Complex chromosome rearrangement t(8;21)(p21;q22.1)inv(8)(p21q22.1), a novel variant of t(8;21) in acute myeloid leukemia.

Program Nr: 327 for the 2006 ASHG Annual Meeting

Complex chromosome rearrangement t(8;21)(p21;q22.1)inv(8)(p21q22.1), a novel variant of t(8;21) in acute myeloid leukemia. J. Xu¹, L. Mak¹, C. Richmond¹, R.C. Lohmann². 1) Cytogenetics; 2) Hematology, London Health Sciences Centre and University of Western Ontario, Canada.

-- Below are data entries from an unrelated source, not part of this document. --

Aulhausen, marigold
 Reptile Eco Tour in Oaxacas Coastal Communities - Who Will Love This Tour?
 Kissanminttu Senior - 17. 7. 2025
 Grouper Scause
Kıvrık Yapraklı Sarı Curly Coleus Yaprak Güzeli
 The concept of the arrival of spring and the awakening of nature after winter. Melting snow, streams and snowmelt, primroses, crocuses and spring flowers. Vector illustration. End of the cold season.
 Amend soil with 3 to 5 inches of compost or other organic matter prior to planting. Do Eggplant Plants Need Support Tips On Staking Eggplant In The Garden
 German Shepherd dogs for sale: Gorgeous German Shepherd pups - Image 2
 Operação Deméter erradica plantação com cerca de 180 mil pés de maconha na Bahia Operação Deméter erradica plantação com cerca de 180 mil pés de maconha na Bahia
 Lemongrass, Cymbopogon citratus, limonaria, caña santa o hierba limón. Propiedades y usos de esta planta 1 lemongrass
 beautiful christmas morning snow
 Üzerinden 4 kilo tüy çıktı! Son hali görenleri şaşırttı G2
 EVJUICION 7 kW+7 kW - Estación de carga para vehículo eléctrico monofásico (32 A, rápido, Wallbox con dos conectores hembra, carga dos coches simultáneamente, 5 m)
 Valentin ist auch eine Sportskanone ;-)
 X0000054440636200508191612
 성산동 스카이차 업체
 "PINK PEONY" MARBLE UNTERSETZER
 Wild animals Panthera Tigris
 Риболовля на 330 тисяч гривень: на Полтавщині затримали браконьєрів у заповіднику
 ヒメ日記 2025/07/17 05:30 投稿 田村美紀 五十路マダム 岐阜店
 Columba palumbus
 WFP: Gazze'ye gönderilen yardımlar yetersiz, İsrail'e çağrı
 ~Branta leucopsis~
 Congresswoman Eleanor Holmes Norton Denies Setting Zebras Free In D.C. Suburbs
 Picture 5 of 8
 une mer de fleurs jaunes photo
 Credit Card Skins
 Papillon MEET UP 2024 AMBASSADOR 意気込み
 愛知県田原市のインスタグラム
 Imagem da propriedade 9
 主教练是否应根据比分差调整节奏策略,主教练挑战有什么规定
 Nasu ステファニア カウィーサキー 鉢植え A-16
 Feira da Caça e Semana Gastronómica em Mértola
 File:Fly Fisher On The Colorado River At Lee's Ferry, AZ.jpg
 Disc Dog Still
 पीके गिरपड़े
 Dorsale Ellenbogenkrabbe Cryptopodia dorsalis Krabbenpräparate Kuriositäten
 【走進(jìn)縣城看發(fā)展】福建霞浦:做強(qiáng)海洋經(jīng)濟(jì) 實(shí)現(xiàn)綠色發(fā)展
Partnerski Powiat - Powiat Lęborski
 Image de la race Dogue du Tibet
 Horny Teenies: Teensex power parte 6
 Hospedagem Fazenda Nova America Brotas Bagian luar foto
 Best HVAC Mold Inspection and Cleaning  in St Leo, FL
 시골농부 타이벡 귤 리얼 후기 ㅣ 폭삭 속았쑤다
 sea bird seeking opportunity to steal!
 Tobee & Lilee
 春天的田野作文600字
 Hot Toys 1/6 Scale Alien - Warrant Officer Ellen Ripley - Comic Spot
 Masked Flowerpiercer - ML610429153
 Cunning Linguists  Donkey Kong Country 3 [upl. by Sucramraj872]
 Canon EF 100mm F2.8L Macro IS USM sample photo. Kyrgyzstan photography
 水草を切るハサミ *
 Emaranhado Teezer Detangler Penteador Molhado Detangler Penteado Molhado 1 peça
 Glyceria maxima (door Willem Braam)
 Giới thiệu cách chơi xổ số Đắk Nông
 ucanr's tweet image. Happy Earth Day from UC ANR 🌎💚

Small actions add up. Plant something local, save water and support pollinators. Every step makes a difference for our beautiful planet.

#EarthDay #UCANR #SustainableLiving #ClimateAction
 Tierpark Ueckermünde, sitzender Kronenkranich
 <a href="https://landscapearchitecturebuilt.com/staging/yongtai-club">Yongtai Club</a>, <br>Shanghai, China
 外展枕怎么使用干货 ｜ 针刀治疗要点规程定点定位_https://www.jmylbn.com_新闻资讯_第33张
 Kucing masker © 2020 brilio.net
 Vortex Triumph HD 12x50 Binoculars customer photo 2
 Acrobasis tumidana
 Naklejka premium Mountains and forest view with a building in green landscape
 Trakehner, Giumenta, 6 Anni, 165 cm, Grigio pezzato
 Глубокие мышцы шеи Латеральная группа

We report a novel variant of 8;21 translocation in acute myeloid leukemia and propose cytogenetics mechanisms for this rearrangement. This is a case study by routine karyotyping and FISH using ETO (8q22)/AML1 (21q22) dual color, dual fusion translocation probe set (Vysis). A 72-year-old female patient was diagnosed with AML and 95% of her bone marrow cells were blast cells, confirmed myeloblasts on flow cytometry. Routine cytogenetics of the bone marrow cells showed a complex karyotype with 8;21 translocation and an inversion involving the translocated chromosome 8. The detailed karyotype is 46,XX,der(8)(21qter->21q22.1::8q22.1->8p21::8q22.1->8qter),der(21)(21pter->21q22.1::8p21->8pter[24]/46,XX[1]. FISH showed that the der(8p) had yellow ETO/AML1 fusion signal whereas the der(21q) had green AML1 signal but no ETO/AML1 fusion signal. We propose that this complex karyotype is possibly a result of 3 rearrangements: inversion, translocation and deletion. It might begin with a pericentric inversion of 8p21q22.1 with the breakpoint being distal to ETO at 8q22. This inversion would have relocated the entire ETO to the der(8p), as was evidenced by absence of orange ETO signal in the der(8q). This might be followed by 8p;21q translocation, as was evidenced by the presence of the ETO/AML1 fusion signal in the der(8p). There was deletion of ETO in der(21), as was indicated by no fusion/orange signals in the chromosome. This is a new variant to a list of reported cytogenetics variants of the classical t(8;21) involving various chromosome partners identified by routine karyotyping and submicroscopic variants of ETO/AML1 detected by FISH or RT-PCR. More case reports and further cytogenomics studies will help understand clinical and prognostic significance of such variants. Our finding emphasizes that caution be exercised in interpretation of variant ETO/AML1 signal patterns in interphase and metaphase FISH.